*** Opening of Given information ***

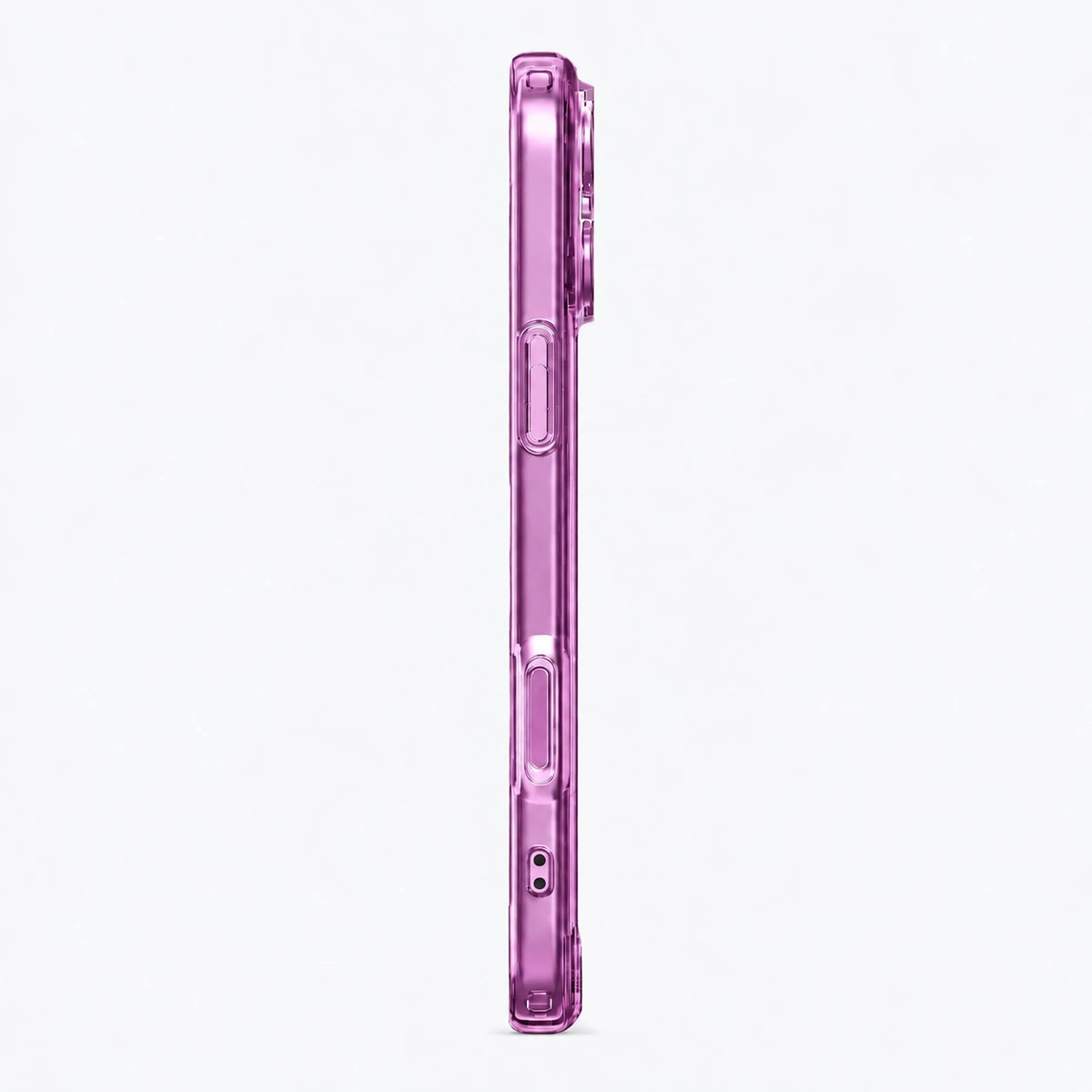 Pink tinted phone case in a slim side profile on a white background #color_Blush Pink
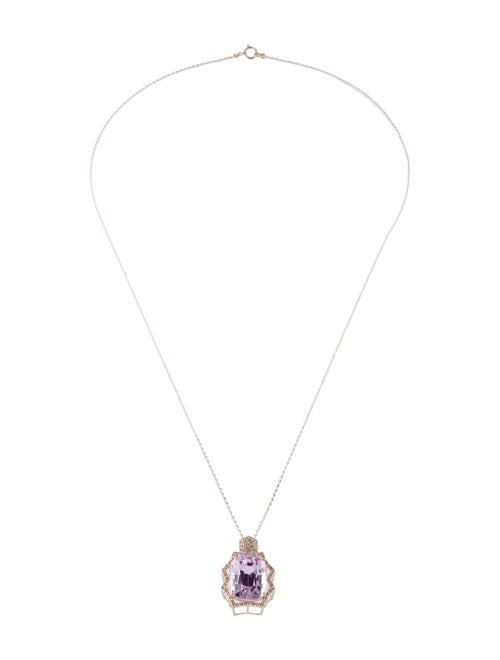 Pendant 14K 8.32ct Kunzite & Diamond Pendant Necklace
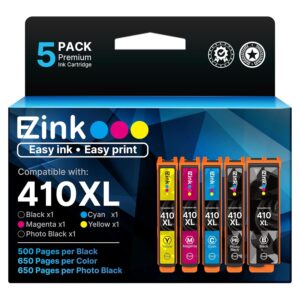 E-Z Ink Remanufactured for Epson 410XL 410 XL T410XL Ink Cartridges to use with Expression XP-640 XP-830 XP-7100 XP-530 XP-630 XP-635 Printer (Black, Cyan, Magenta, Yellow,...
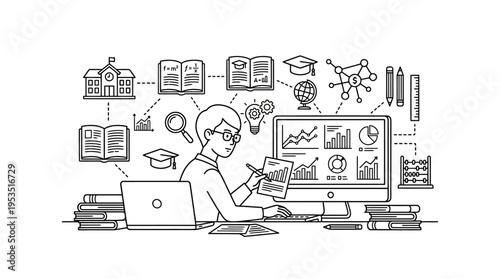 Education and Analytics Research and Learning Concept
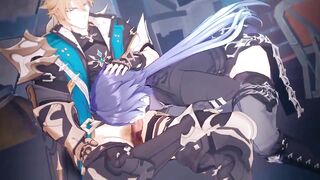 Flins gives Varka a Fellatio - Genshin Impact Animation Queer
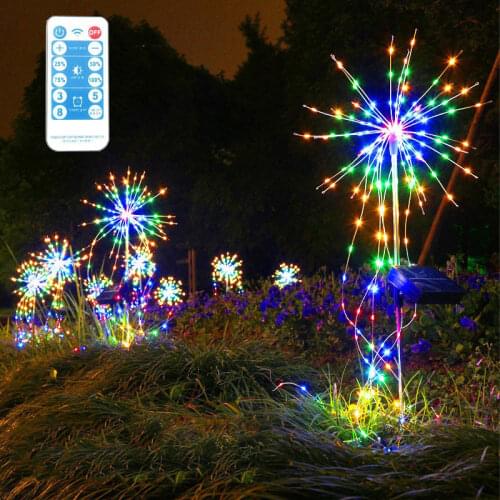 200 Led Solar Firework Light Outdoor Garden Grass Globe Dandelion Lamp Remote Control Solar Power Yard Lawn Landscape Light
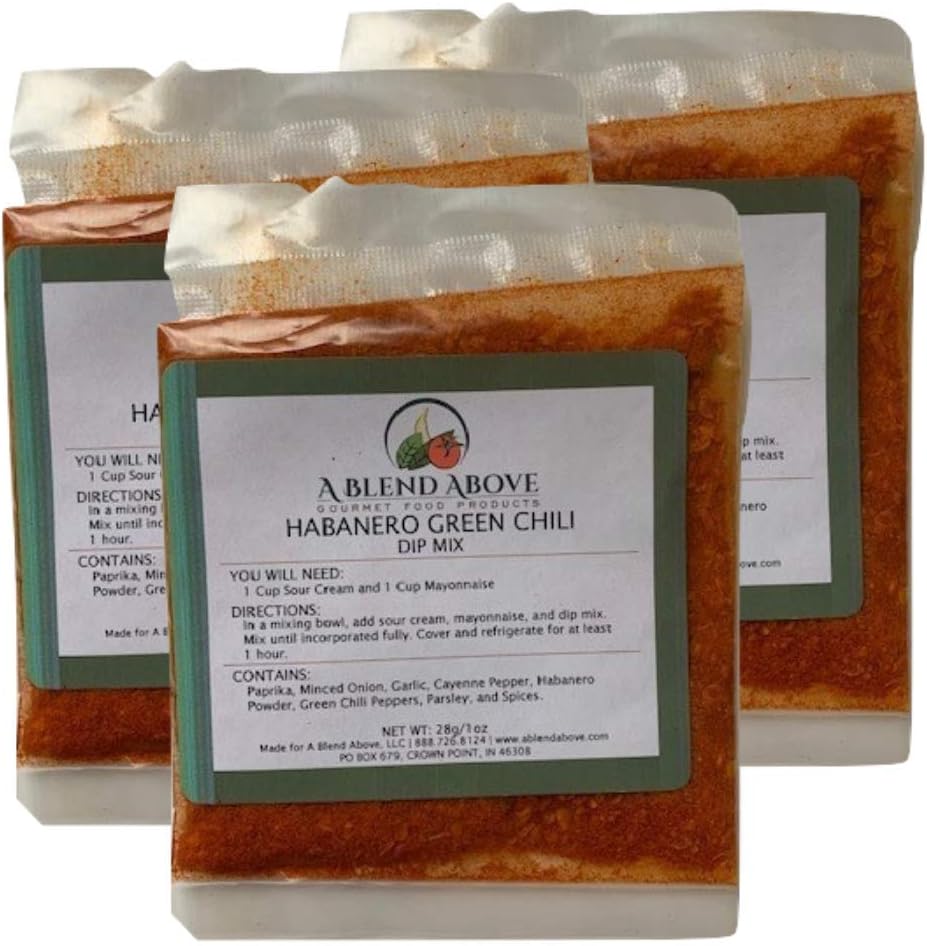 A Blend Above Habanero Green Chili Dip Mix Mixed Seasonings Packet, 1 oz (3 Pack)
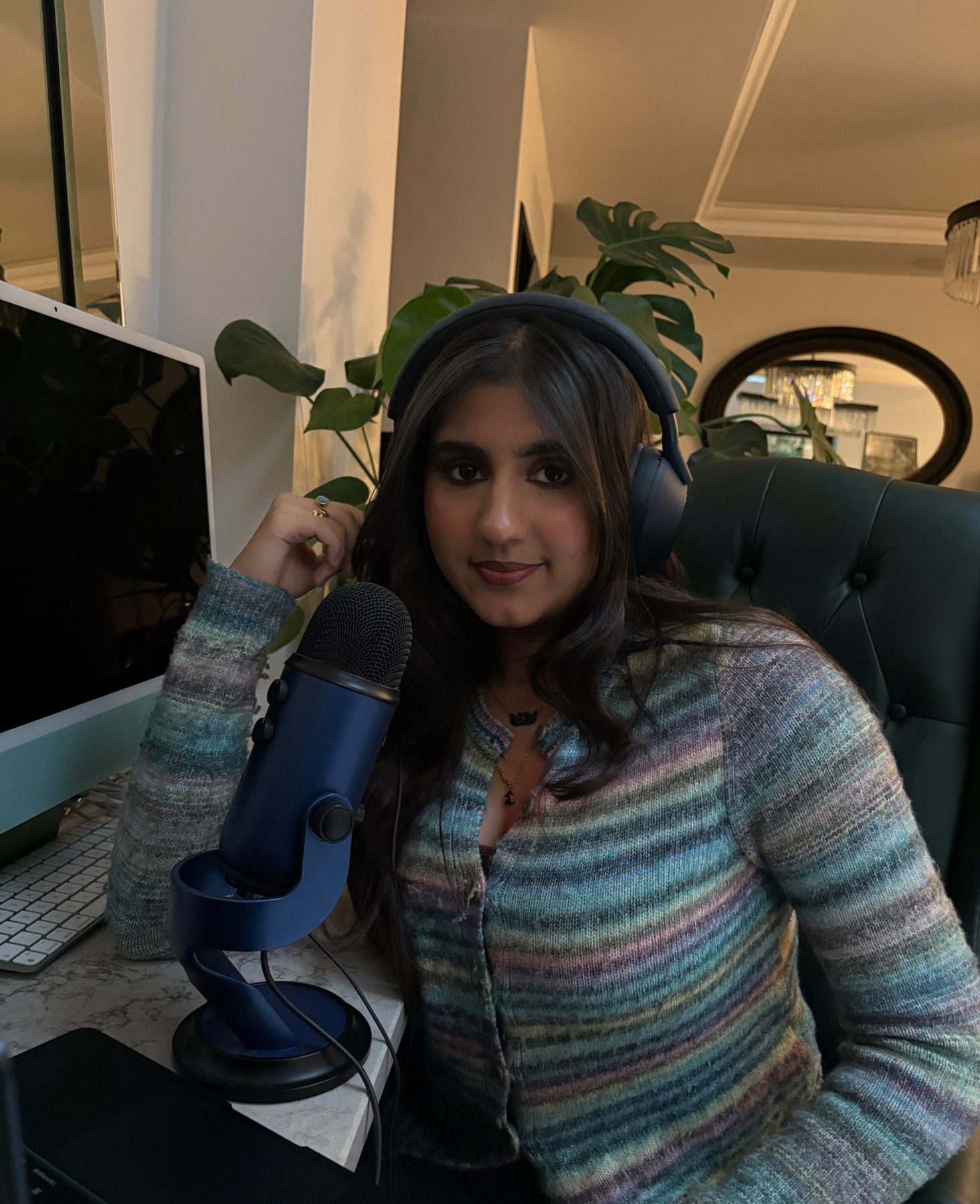 At home podcasting set up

*** Close of Given information ***

_What is expected_
Copy out every entry above exactly. Leave the pictures out.

_Reply to the exercise_
 Pink tinted phone case in a slim side profile on a white background #color_Blush Pink
 Pendant 14K 8.32ct Kunzite & Diamond Pendant Necklace
 E-Z Ink Remanufactured for Epson 410XL 410 XL T410XL Ink Cartridges to use with Expression XP-640 XP-830 XP-7100 XP-530 XP-630 XP-635 Printer (Black, Cyan, Magenta, Yellow,...
 Education and Analytics Research and Learning Concept
 Flins gives Varka a Fellatio - Genshin Impact Animation Queer
 200 Led Solar Firework Light Outdoor Garden Grass Globe Dandelion Lamp Remote Control Solar Power Yard Lawn Landscape Light
 A Blend Above Habanero Green Chili Dip Mix Mixed Seasonings Packet, 1 oz (3 Pack)
 At home podcasting set up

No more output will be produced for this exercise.